Roughly 200 positions are expected to be eliminated by the Walt Disney Co., most to be absorbed by the company’s Burbank headquarters, in a round of layoffs next week, according to a company source.
Some of the positions to be eliminated currently are vacant, the source added.
The layoffs come as the industry weathers a transformation, with ticket sales at theaters flat, home video sales undercut by the recession, Internet streaming outlets such as Netflix sapping home video sales, and as studios offer video-on-demand in an effort to tap the growing digital distribution market.
“The changes in home video have been dramatic,” Larry Gerbrandt, an industry analyst who runs Media Valuation Partners, said. “What is happening to the movie industry is a little like what happened to the music industry when iTunes was introduced.”
Brad Brown, a publicist for films and television, said the industry trend of making fewer films — but focusing on high-profile, big budget “tent-pole” movies with potential for a large international audience — also is changing marketing and distribution operations at the studios.
“All the major studios announced some time ago making fewer films, but bigger films,” Brown said. “They don’t have a need on an ongoing basis for all the people in distribution.”

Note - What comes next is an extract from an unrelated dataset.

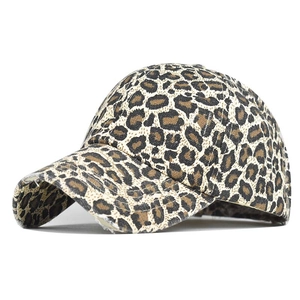 Close-up of leopard print baseball cap featuring distressed brim and cotton fabric texture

The layoffs are not the first for Disney this year. In May, the Disney Interactive Media Group eliminated 103 positions in North Hollywood, according to the California Employment Development Department. In March, Disney Interactive Studios in Glendale eliminated 54 jobs.

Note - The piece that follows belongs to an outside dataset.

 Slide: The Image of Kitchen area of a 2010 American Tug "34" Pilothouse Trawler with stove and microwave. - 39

Disney reported profits of $942 million on revenues of $9.1 billion for the first quarter of 2011, with both figures lower than the same period in 2010. Studio revenues declined 13% to $1.3 billion, and the company’s gaming operation continued to operate in the red.
Chief Executive Robert Iger said he expected the gaming part of the company to begin generating a profit in 2013.
Gerbrandt said studios are struggling to regain command of the home video market. Studios benefit when consumers rent their films via Netflix, he said, “But the high-margin sector of home video was the sale of DVDs. The question for the studios is, ‘How do we continue selling a movie to a consumer?”